====== The records

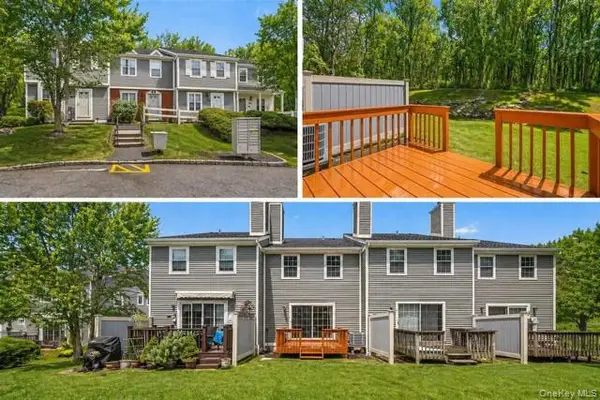 503 Twin Brook Court, Carmel, NY 10512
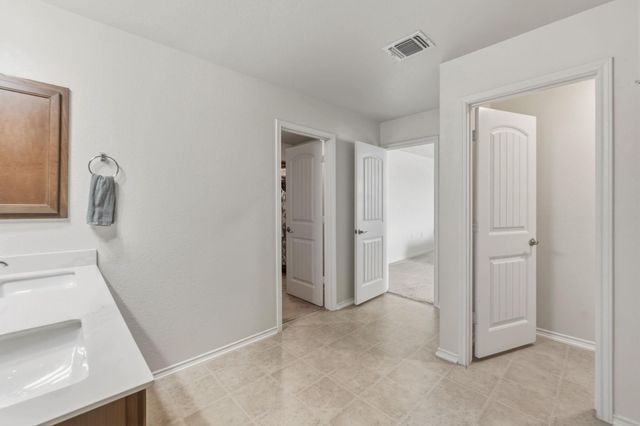 4717 Colmar DR, Manor, TX 78653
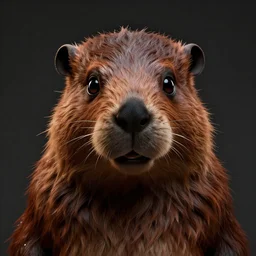 hyperrealistic dslr film still of justin bieber disguised as anthropomorphous ( beaver mask ), stunning 8 k octane comprehensive 3 d render, inspired by istvan sandorfi & greg rutkowski & unreal engine, perfect symmetry, dim volumetric cinematic lighting, extremely hyper - detailed, incredibly real lifelike attributes & flesh texture, intricate, masterpiece, artstation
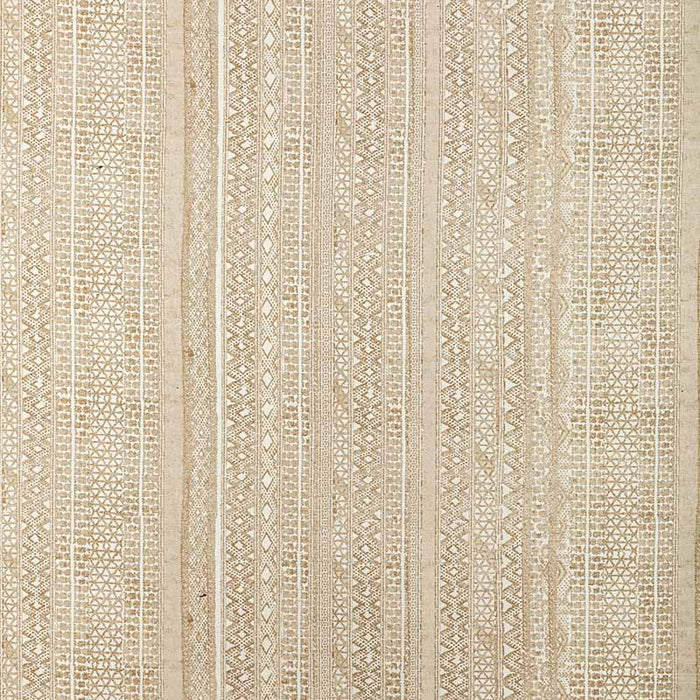 Lee Jofa Hakan Flax Fabric Sample 2012100.16.0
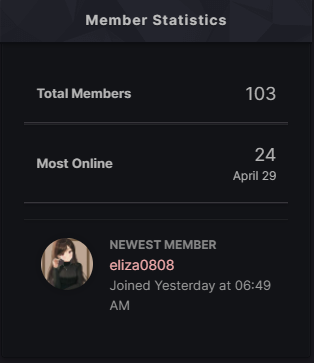 LegitamineGames's tweet image. Greetings #ttrpgcommunity &amp;amp; #ttrpgfamily &amp;amp; #ttrpgsolidarity. For this week's #FF #followfriday we would like to include a few good people who helped us reach over 100 members to our community! 

@EveryEditionRPG 
@GamesParable 
@AwfullyQHeroes 
@BoysBaltic 
@EwanMartin16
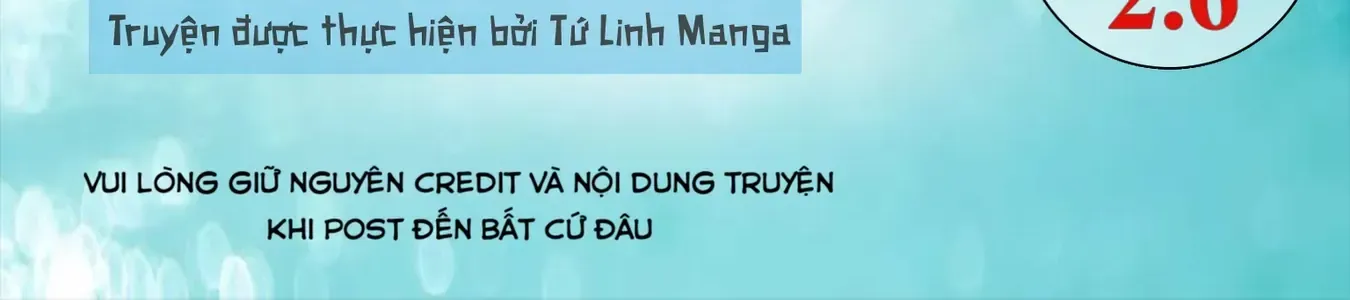 Ma Vương Yuri Chap 2.6 - Next Chap 3.6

============

Work task ▸
Your task is to transcribe all of the records precisely, with no images included.

Written response ▸
 503 Twin Brook Court, Carmel, NY 10512
 4717 Colmar DR, Manor, TX 78653
 hyperrealistic dslr film still of justin bieber disguised as anthropomorphous ( beaver mask ), stunning 8 k octane comprehensive 3 d render, inspired by istvan sandorfi & greg rutkowski & unreal engine, perfect symmetry, dim volumetric cinematic lighting, extremely hyper - detailed, incredibly real lifelike attributes & flesh texture, intricate, masterpiece, artstation
 Lee Jofa Hakan Flax Fabric Sample 2012100.16.0
 LegitamineGames's tweet image. Greetings #ttrpgcommunity &amp;amp; #ttrpgfamily &amp;amp; #ttrpgsolidarity. For this week's #FF #followfriday we would like to include a few good people who helped us reach over 100 members to our community! 

@EveryEditionRPG 
@GamesParable 
@AwfullyQHeroes 
@BoysBaltic 
@EwanMartin16
 Ma Vương Yuri Chap 2.6 - Next Chap 3.6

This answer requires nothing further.